This work proposed a document representation method, WordNet-based lexical semantic VSM, to solve the problem. Using WordNet,
this method constructed a data structure of semantic-element information to characterize lexical semantic contents, and adjusted EM
modeling to disambiguate word stems. Then, in the lexical-semantic space of corpus, lexical-semantic eigenvector of document
representation was built by calculating the weight of each synset, and applied to a widely-recognized algorithm NWKNN. On text
corpus Reuter-21578 and its adjusted version of lexical replacement, the experimental results show that the lexical-semantic
eigenvector performs F1 measure and scales of dimension better than term-statistic eigenvector based on TF-IDF. Formation of
document representation eigenvectors ensures the method a wide prospect of classification applications in text corpus analysis.
Key words: document representation; lexical semantic content; classification; eigenvector
1 Introduction
Text corpus analysis is an important task.

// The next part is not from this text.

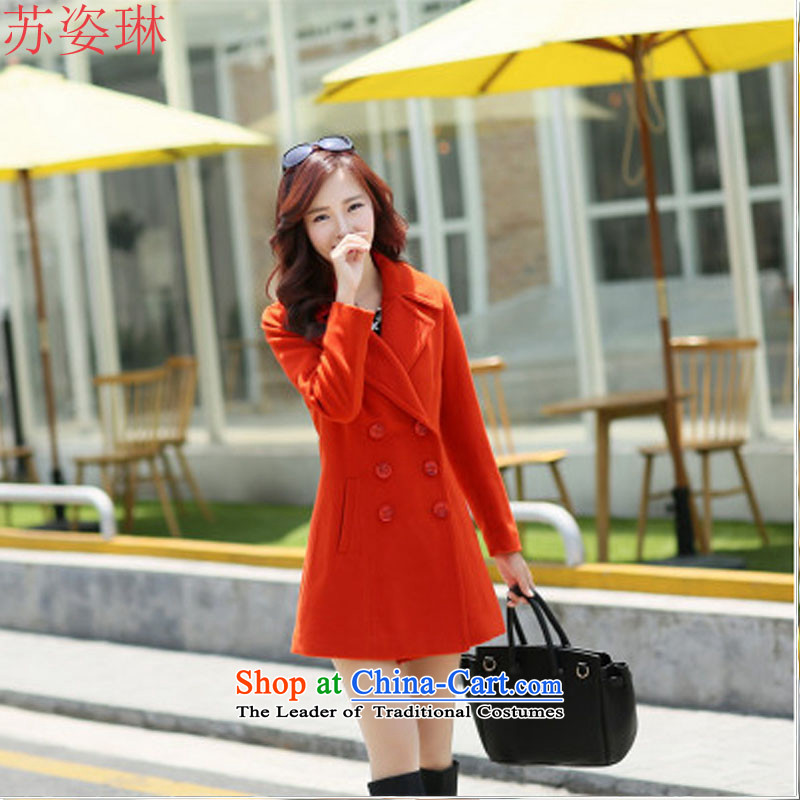 Su Chi Lin?2015 autumn and winter new gross female Korean jacket?   Gross stylish? long coats that suit coats red-orange?XXL?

Meanwhile, clustering and classification are the key
procedures for text corpus analysis. In addition, text
classification is an active research area in information
retrieval, machine learning and natural language
processing. Most classification algorithms based on
eigenvector prevail in this field, such as KNN, SVM,
ELM. Eigenvector-based document classification is a
widely used technology for text corpus analysis.
Relevant classification algorithms and experiments are
typically based on eigenvector of document
representation. Moreover, the key issue is eigenvector-
based classification algorithms depending on the VSM [1].
TF-IDF (term frequency–inverse document
frequency) [2] is a prevalent method for characterizing
document, and its essence is statistical term measure.
Many methods of document representation based on
TF-IDF can construct vector space model (VSM) of text
corpus. Similarly, many methods of document
representation exploit statistical term measures, such as
Bag-of-Words [3] and Minwise hashing [4]. For
document representation, these methods are perceived as
statistical methods of feature extraction.
However, in the information retrieval field,
statistical term measures neglect lexical semantic content.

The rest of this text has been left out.